The murder of autistic teen Alex Spourdalakis by his mother and caregiver: What happened?

Editor’s note: This is an extra “bonus” post. Basically, it’s a revised version of a post I did at my not-so-super-secret-other-blog last week. The issue, however, has disturbed me so much that I felt it appropriate to post it to SBM as well. Fear not. There will be a new post by yours truly on Monday.

Sometimes, in the course of blogging, I come across a story that I don’t know what to make of. Sometimes, it’s a quack or a crank taking a seemingly science-based position. Sometimes it’s something out of the ordinary. Other times, it’s a story that’s just weird, such that I strongly suspect that something else is going on but can’t prove it.
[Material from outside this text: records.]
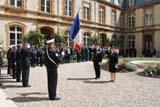 Cérémonie d’hommage aux policiers morts pour la France – mai 2018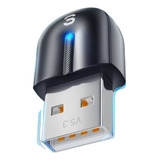 Adaptador Usb Bluetooth 5.3 Dongle Mini Receptor Pc Notebook
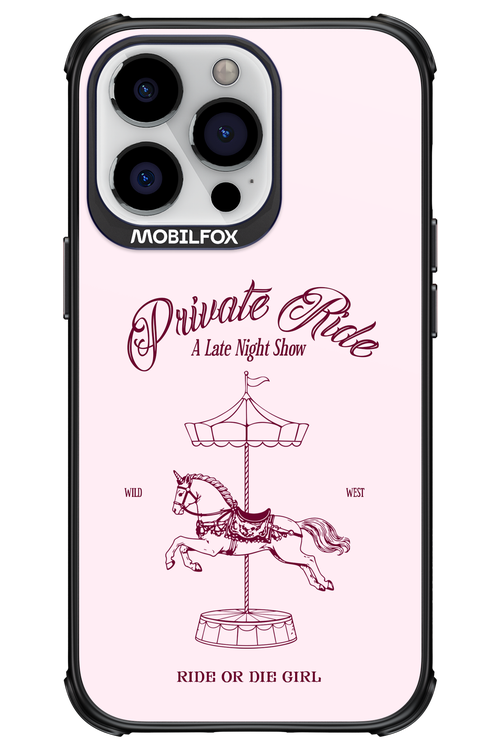Private Ride 2.0 - Apple iPhone 13 Pro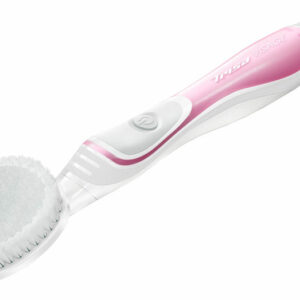 Perie de curatare faciala Trisa Visage Sonic Cleansing System Acumulator 678333 Roz – imaginea 2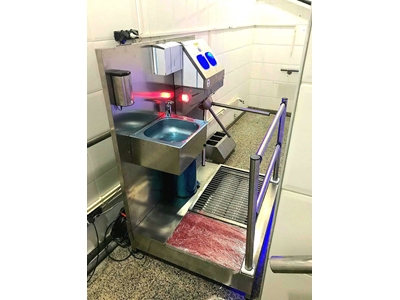 Экологическая модель щеточного санитарного коридора для подошв - 3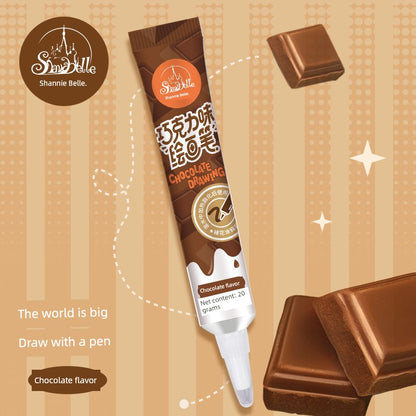 Xianni Beier Color Chocolate Pen 20G Pastry Pen Cake Decoration Writing Drawing Pen Edible Baking Tool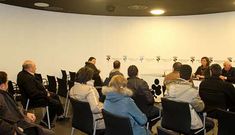 Los representantes municipales se reunieron con los vecinos de Alcalde Ferreiro y Pintor Colmeiro.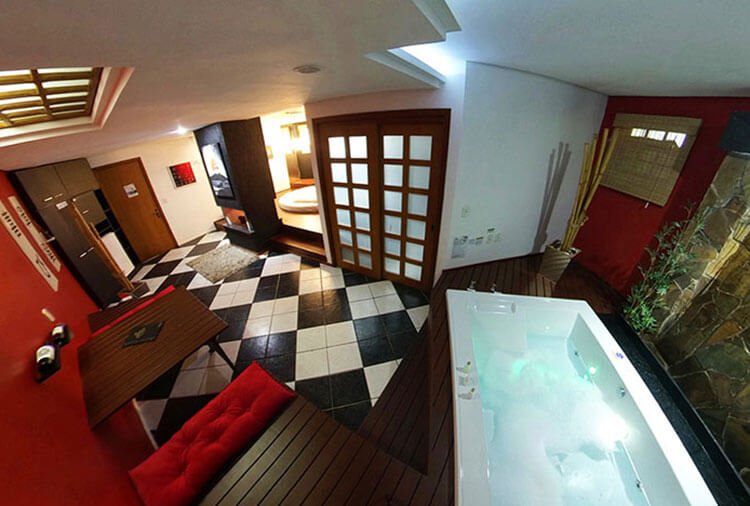 Fantasy Motel, Carazinho - Suíte Japonesa foto 4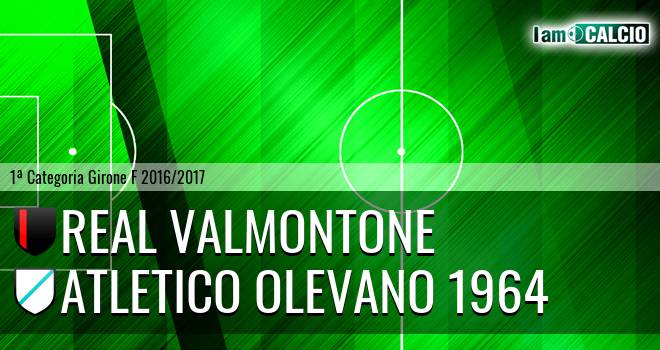 Real Valmontone - Atletico Olevano 1964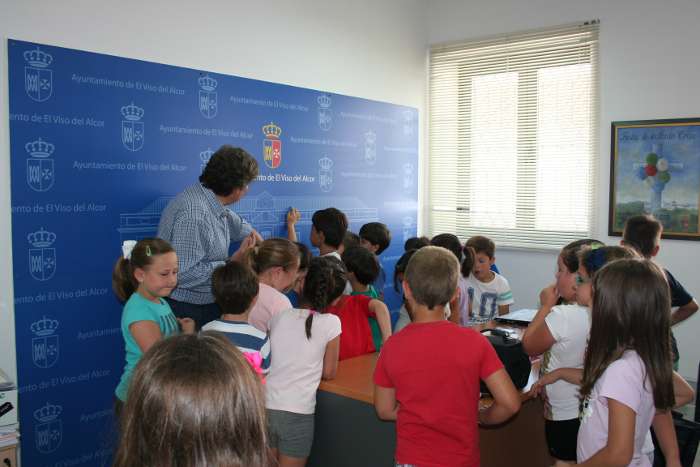 visita niños gil lópez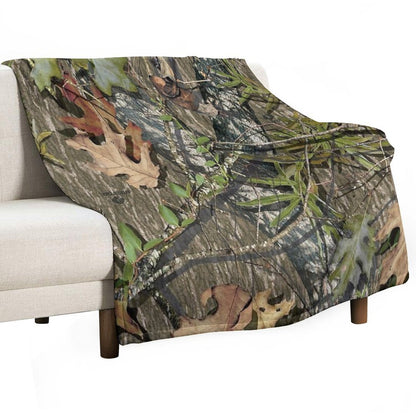 Mossy Oak Throw Blanket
So it was a few months ago when I came across the story of Alex Spourdalakis, a 14-year-old autistic boy who became a cause célèbre of the antivaccine crank blog Age of Autism.

I first noticed the story in early March when perusing AoA and came across a post by Lisa Goes entitled Day 19: Chicago Hospital Locks Down Autistic Patient. In the post was a shocking picture of a large 14-year-old boy in a a hospital bed in four-point restraints. He was naked, except for a sheet covering his genitals. A huge gash was torn in the bedsheet, revealing the black vinyl of the hospital bed beneath. The boy’s name, we were informed, was Alex Spourdalakis. Further down in the post was another, equally shocking, picture of Alex that, according to Goes, showed severe dermatitis on Alex’s back due to the hospital sheets. The photos shocked me for two reasons. First, if the story was as advertised (something always to be doubted about any story posted at AoA), for once I thought that I might be agreeing with Goes and thinking that AoA was actually doing a good thing, as disconcerting as that possibility was to me. Second, however, I was extremely disturbed by the publication of such revealing photos of the boy. Undoubtedly, Alex’s mother must have given permission. What kind of mother posts pictures like that of her son for all the world to see? Then there appeared a Facebook page, Help Support Alex Spourdalakis, which pled for readers to help the Spourdalakis family.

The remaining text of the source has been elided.